Maybe it helps that I do believe that everything I do, and everywhere I am, I am meant to be doing or being in that specific moment in time.

There’s no such thing as no impact.

I’d be lying if I didn’t admit that there are times I wish more people would take advantage of the free programs I’m doing at Downsview Library. It feels weird to be paid so much when only a handful of people show up for your program.

You almost wonder if the library will think, forget it! It’s not worth it. And yet it seems the library system doesn’t think in that way. They think more in terms of impact.

As long as even a few people are benefiting, really benefiting, they’re happy.

It almost feels like the library system is the biggest kept secret in the city.

But anyway, I just have to share something that happened this last week.

In my last post I talked about a shy girl who had reluctantly come to my public speaking workshop.

Well… I feel like I had a huge breakthrough with her! And with her counterpart, the outspoken boy.

And I realized that it can be really nice to have fewer kids in a session because then you can tailor the lesson to their needs more carefully.

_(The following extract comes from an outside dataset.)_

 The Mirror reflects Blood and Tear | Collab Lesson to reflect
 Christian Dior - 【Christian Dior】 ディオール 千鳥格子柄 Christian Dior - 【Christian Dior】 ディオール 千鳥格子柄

Last spring I was chosen for the Toronto Library Sophie’s Studio workshop series. In developing the writing sessions for the kids at Downsview Public Library I built upon my experience there. This isn’t ‘school’. The workshops have to be fun enough that the kids want to come! They want to play mostly and learn secondly.

When I gave the children (5-8) time to do some writing in the last session, I realized that some of them were so young they lacked basic writing skills. So for this last Thursday’s session, I decided I’d take the writing ‘work’ out of the equation. I’d do the writing, and they’d simply do the story creating.

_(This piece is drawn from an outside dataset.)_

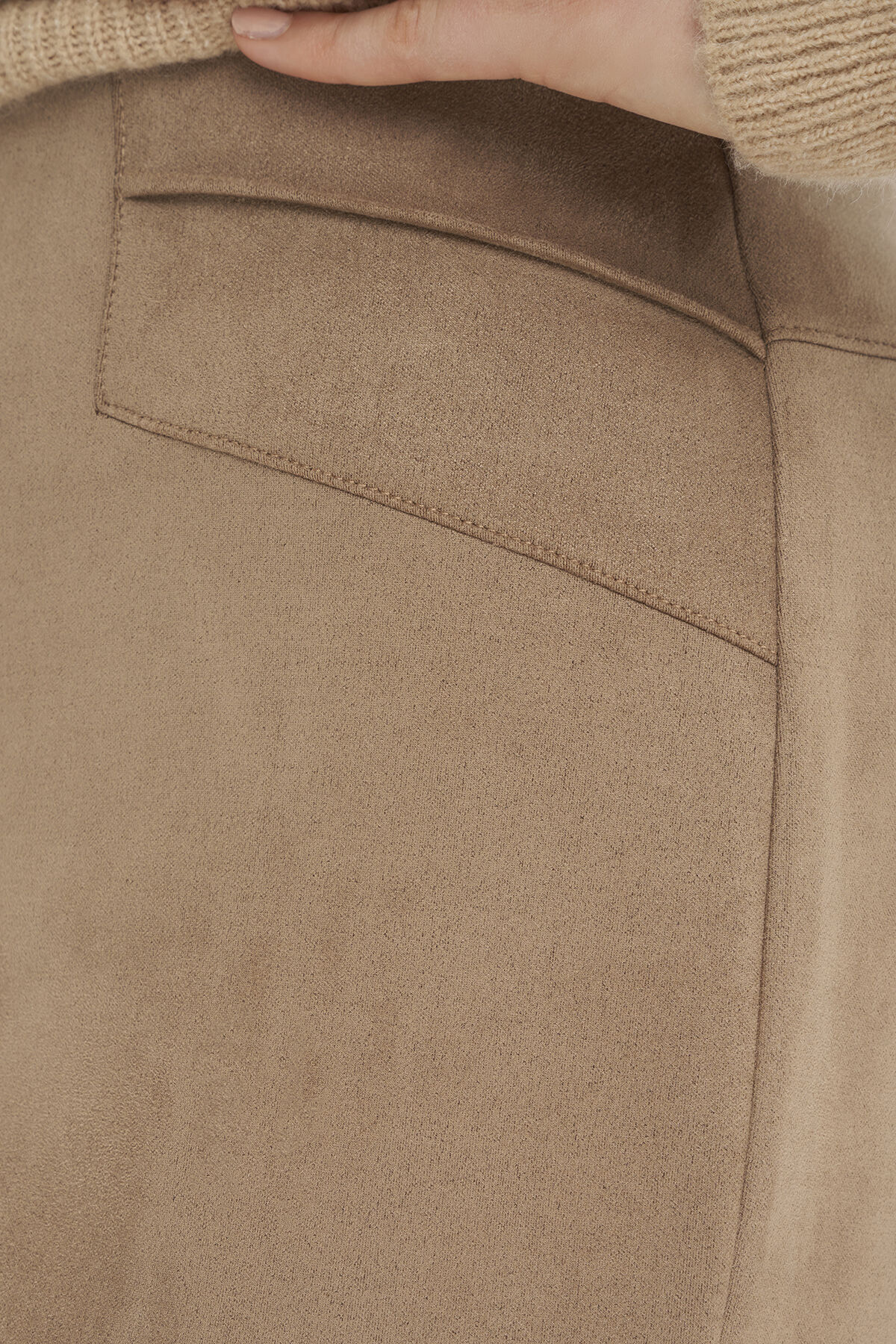 Legging en su&eacute;dine  image number 5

Basically I was the ‘secretary’ jotting down their story as they created it, guiding them through the process where I had to and in the process they’d learn organically what works in creating a story.

One of the creative exercises I’ve always used to show children story structure is creating a story about one of the kids in the group having a pair of magic mittens that when they put them on, they can make any wish they wish.

I went back to that premise with the two little boys that showed up. One was a very young boy and he had his little brother (about three years old) with him. His mom was in the background. Since nobody else had arrived at that point, I let the toddler stay and contribute to the story.

Within five minutes the outspoken boy arrived and I added him to the mix as one of the characters in the story. And then the girl I mentioned earlier, she arrived as well.

The six year old who began the story process, wanted to use his magic mittens to blow up the world. The girl said, “No, then everyone will die!” and so I added that to the story. We had conflict!!!

The younger boy and his three year old brother ended up becoming the antagonists of the story, and the other three worked at what they could do to stop him.

The outspoken boy may have been tired because he said his character kept falling asleep, which was funny, but not very dramatic.

Then another girl arrived and she too was added to the mix. Her job was to search a cave for magic potions.

The outspoken boy decided to wake up and use ‘picks’ to defuse a bomb that the six year old had created and the shy girl was poking the six year old with the magic mittens, who had turned himself invisible.

Oh it got heated!

And exciting!

All of them were shouting (even the shy girl) plot suggestions all in good fun!

And so we created a nifty little story that even had a sweet little resolution!

In the end, the shy girl got the magic mittens away from the six year old, wished that all of them would have their own pair of magic mittens and that the six year old and his little brother were sent to a planet of their own with their own magic mittens so that they could blow up their own world as often as they liked!

And later, when the same girl stood up to tell a story to the rest of us…well I felt very proud! Within three sessions she had come such a long way!